The cross-curricular dimension of this book would be sadly impoverished without the interest and support of an enviable range of colleagues who participate in the writing cohort at our college. They have shared with us examples of good student and professional writing in their fields, writing assignments from their writing-intensive classes, and examples of their own writing: George Benjamin, Linda Bips, Susan Clemens, Ted Conner, Amy Corbin, William “Chip” Gruen, Brian Mello, Marcia Morgan, Jefferson Pooley, Pearl Rosenberg, and Jeremy Teissere.
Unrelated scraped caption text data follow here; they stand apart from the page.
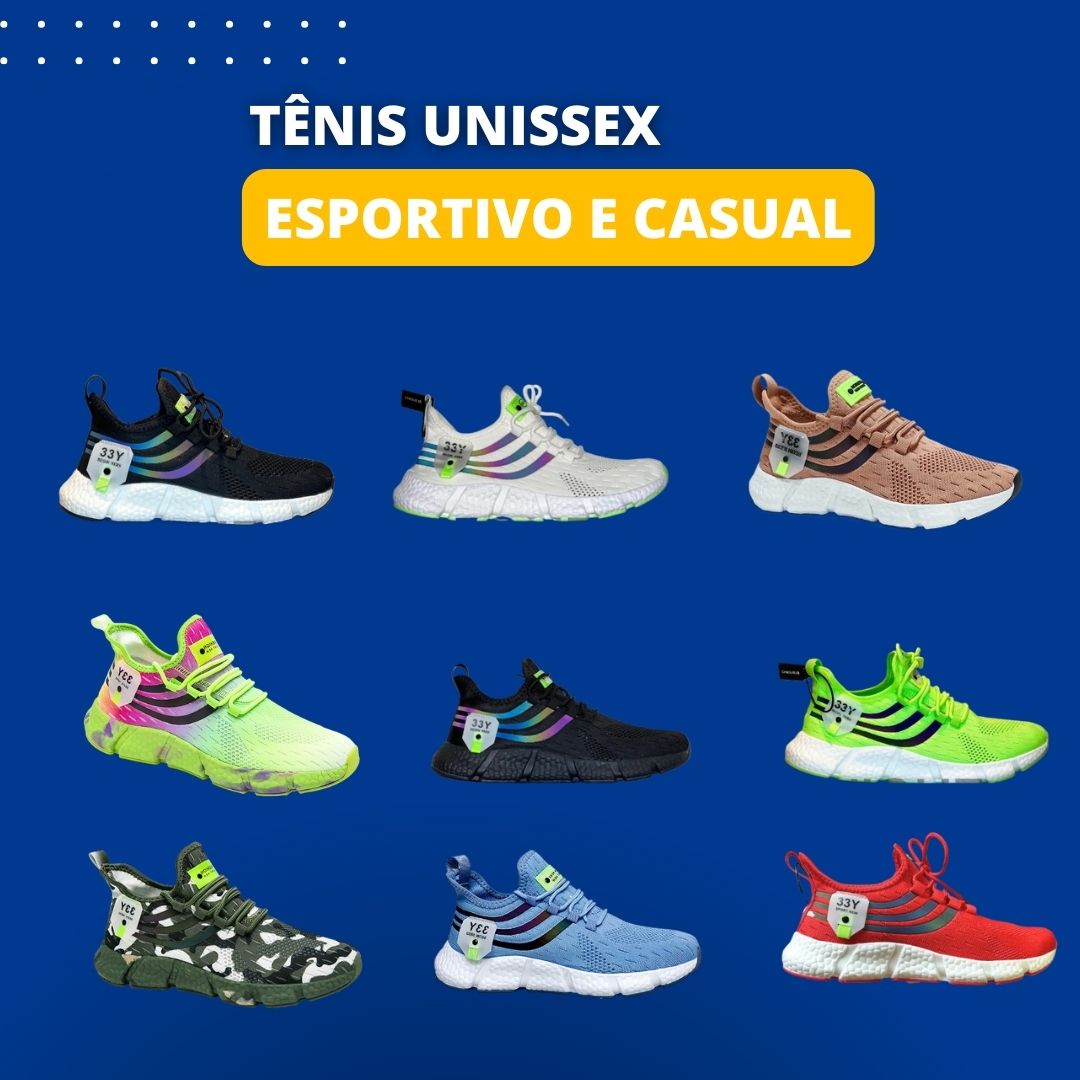 9 pçoes de cores do tênis new sport 33y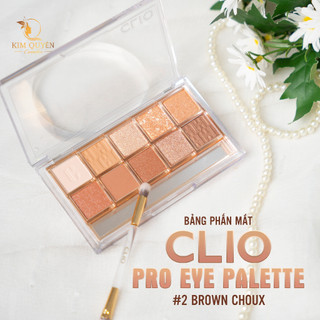 Bảng phấn mắt CLIO Pro Eye Palette (#2 #11 #15 #12)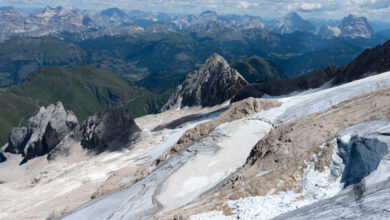 El derrumbe mortal de un glaciar en Italia muestra el alcance del nuevo calor de Europa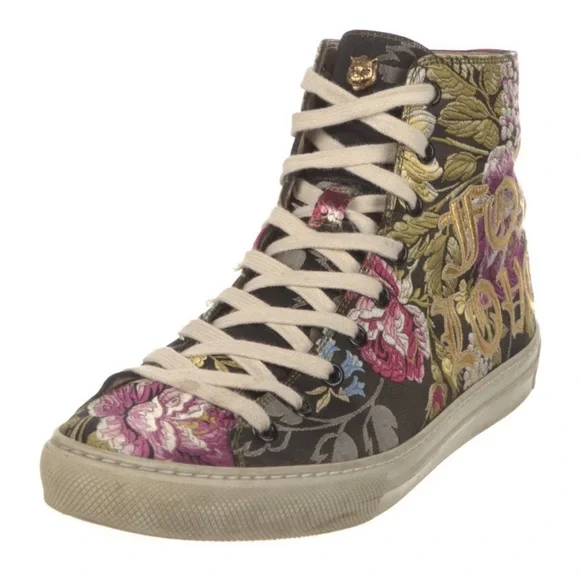 Gucci Blind for Love Floral Embroidered High Top Sneakers - Picture 6 of 16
We are also grateful to Katherine Kibblinger Gottschalk of Cornell University for permission to quote her unpublished 4 C’s paper on the correspondence of E.B. White.
Thanks to Kate Christein, Assistant Director of the Writing Center, for keeping everything up and running while we were stuck in front of our computer screens producing this revision. And thanks also to our colleague Linda Bips, with whom we co-direct the Writing Program. We and it would be much less sane without her. Grace Gardella has looked out for us in the English department. And we are grateful for the support provided by the folks at Pistachios—Colleen Hauck, Sidney Stecher, and Eric Serrano.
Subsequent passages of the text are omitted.